* _What the exercise asks_
Word for word, the data below must be repeated in full; no picture is to be included.
[Opening Exercise materials section]
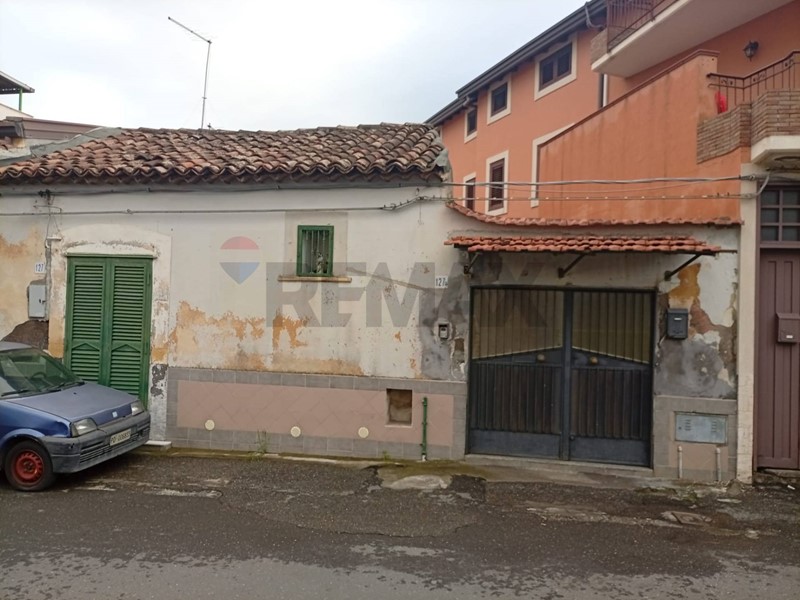 Quadrilocale in Vendita a Catania, 87'000&euro;, 97 m²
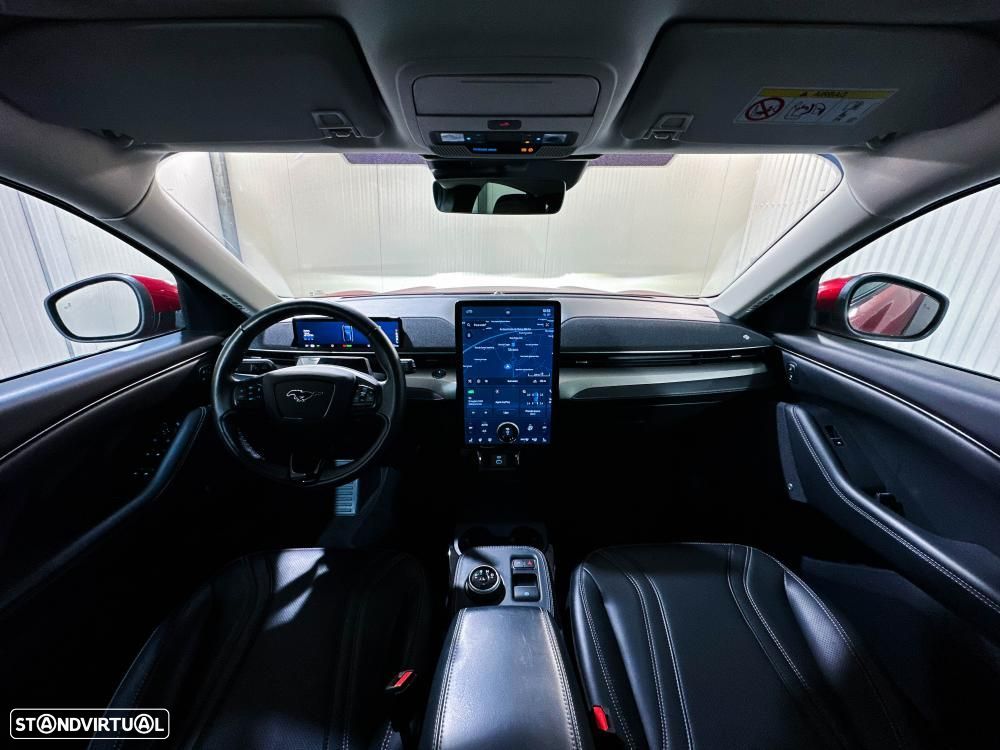 Ford Mustang Mach-E Standard - 11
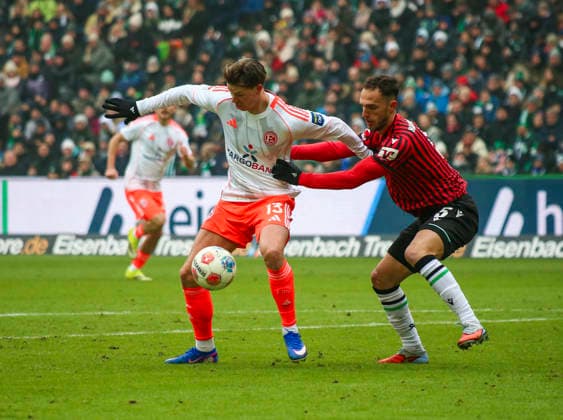 Germany Soccer 2 Bundesliga 2025 26, 19 Matchday Hannover 96 Fortuna Düsseldorf Heinz von Heiden Arena Stadion Hannover Cedric Itten Fortuna Düsseldorf, 13 Virgil GhiÅ£Äƒ Virgil Ghita Hannover 96, 5 Hannover Copyright: xAymanxAlahmedx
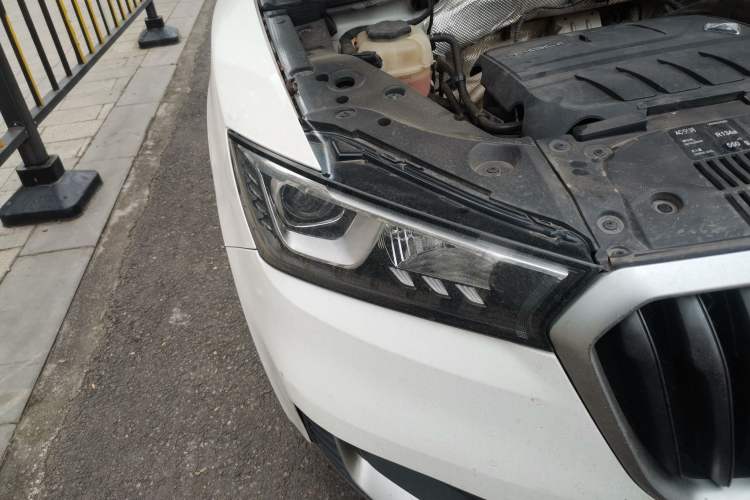 Used BORGWARD BX5 2017 20TGDI Automatic Two-Wheel Drive Pioneer Edition Right Front Headlight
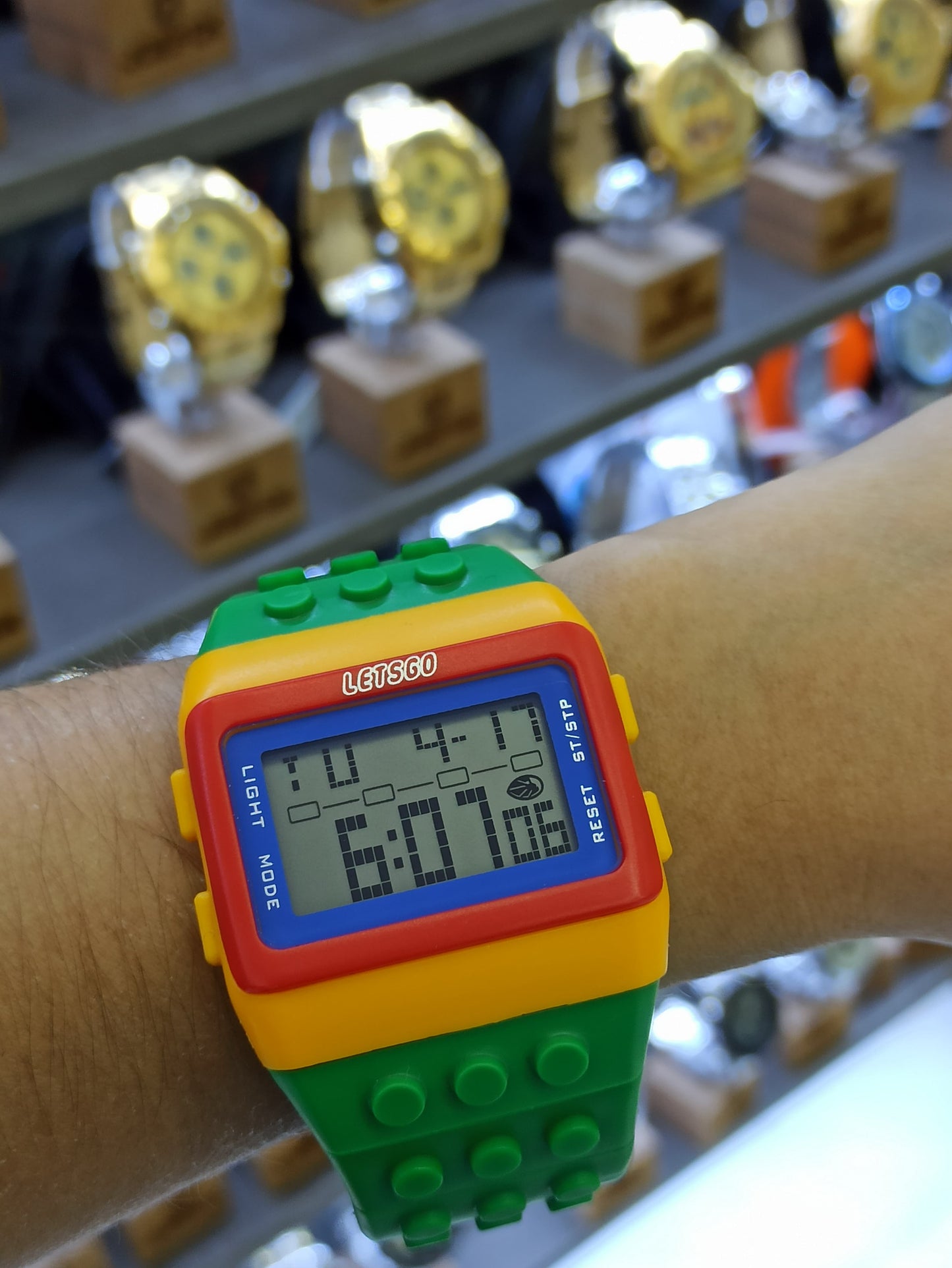 RELOJ DIGITAL TIPO LEGO UNISEX
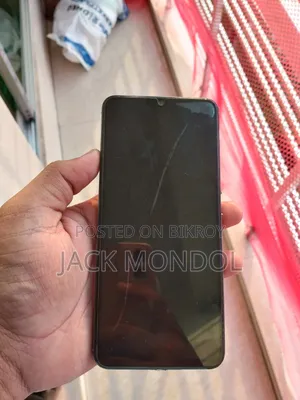 Realme 128 GB Blue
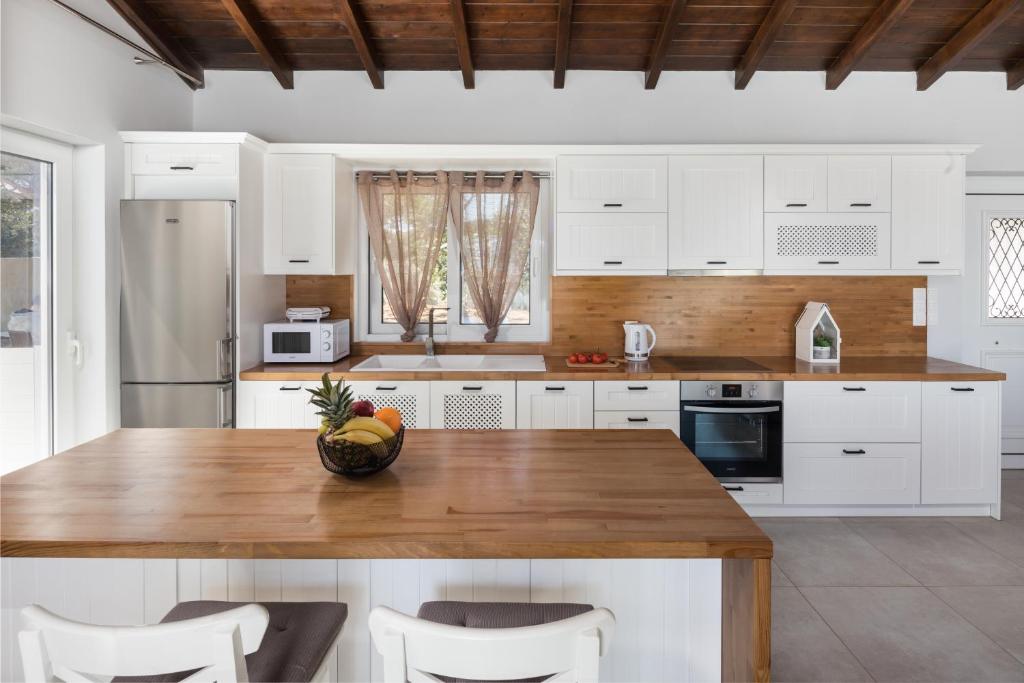 Kuchyň nebo kuchyňský kout v ubytování Villa Alonaki Bay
[Closing Exercise materials section]
* _Exercise response_
 Quadrilocale in Vendita a Catania, 87'000&euro;, 97 m²
 Ford Mustang Mach-E Standard - 11
 Germany Soccer 2 Bundesliga 2025 26, 19 Matchday Hannover 96 Fortuna Düsseldorf Heinz von Heiden Arena Stadion Hannover Cedric Itten Fortuna Düsseldorf, 13 Virgil GhiÅ£Äƒ Virgil Ghita Hannover 96, 5 Hannover Copyright: xAymanxAlahmedx
 Used BORGWARD BX5 2017 20TGDI Automatic Two-Wheel Drive Pioneer Edition Right Front Headlight
 RELOJ DIGITAL TIPO LEGO UNISEX
 Realme 128 GB Blue
 Kuchyň nebo kuchyňský kout v ubytování Villa Alonaki Bay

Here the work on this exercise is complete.